Strange question: Is anyone using their FreeBSD machine as an answering machine, using a voice modem?

Here's why I'm asking.  Our traditional landline phone connection at home has been a little unreliable (long story), including the phone company turning voice mail on and off.  Which is really annoying, because we have a perfectly fine answering machine that we rely on.  So I decided that for a few weeks, I should try to keep track of all incoming phone calls, just to make sure they actually get here.  I remembered that I have an old USB modem sitting around, a Conexant model CX93010, completely generic.  Plug it in, connect it to the phone, search the web on how to enable caller ID (it's trivial): Now I can see ring signals coming in, and I can see the caller ID.  With half hour of programming, I can write a script that records this data, and then I can check whether phone calls are making it.  Great.

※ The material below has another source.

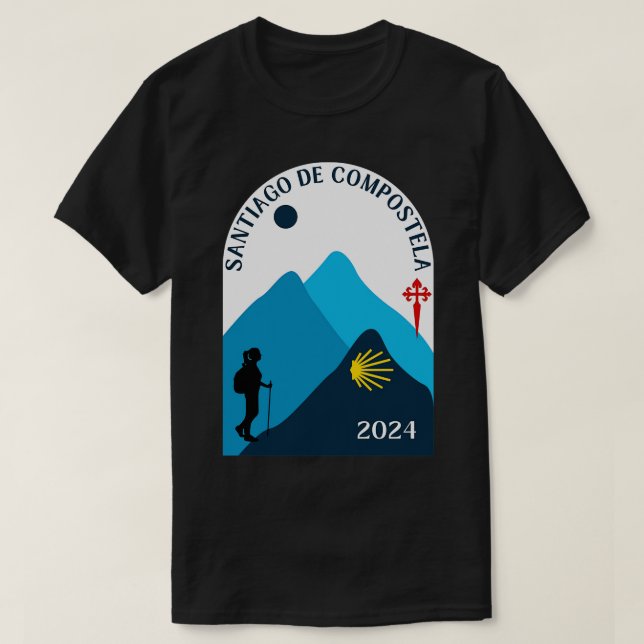Camiseta Camino de Santiago de Compostela 2024 Mujer Camina (Diseño del anverso)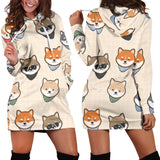 Shiba Inu Head Pattern Women Hoodie Dress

But when reading about the modem, I discovered that it can do voice (and faxes too).  In theory, it should be able to be programmed to output voice, and listen and record voice, so it could become an answering machine!  Then I remembered that in the mid 90s, I tried that with an ancient Hayes modem (when Hayes was still a real brand, not a command set for modems), on a Linux machine, and it was too difficult then.  A little bit of reading shows that in theory this should work: There is a package called "mgetty+sendfax", which should includes something called vgetty, which in theory should be configurable to become an answering machine.  But all the documentation I found was at least 10 years old.

Does all this still work?  Anyone use it?  Do generic cheap USB modems have good enough analog interfaces to make this feasible?  Are there any packages that automate tasks like storing voice mails in files, sending them out by mail (packaged into a convenient .mp3 or .wav file), retrieving then, blinking a red light when there is mail waiting?  Or did all this get forgotten with other technology from the last century, such as card punches and correction tape for typewriters?


----------



## rigoletto@ (Sep 24, 2018)

Why do you not use Asterisk instead? I think you would just need to buy a "FXO Adapter" which should not cost that much.

At least Asterisk have a lot of documentation and users around.


----------



## ralphbsz (Sep 30, 2018)

Interesting idea.  I read about it, and FXO adapters can be bought new for about $50, and used ones must be all over.  The nice advantage is that they have a sensible interface (ethernet), so I don't need to run USB cables right to the server.  And as you said, Asterisk is heavily used, there are guides and examples around, while vgetty seems to be mostly an orphan.

What I've accomplished so far: Discovered that the cheap Conexant modem does not reliable get caller ID information.  Found a super-cheap US-Robotics USB modem on Ebay, hooked it up.  Wrote a little script that records all the incoming rings and caller ID, so if I get no phone calls in a day, or all phone calls end right after four rings, I know to suspect that the phone company has screwed up again.  That is already accomplishing my main goal.  If I have an hour tonight to play with scripts, I'll add some sanity checking, like sending e-mails when someone leaves a message on our answering machine, issuing a warning if there are no incoming calls within a long period, and checking for dial tone every 8 hours.  That will verify that the hardware I have right now works, and is good enough to make sure our local phone company isn't screwing up.


----------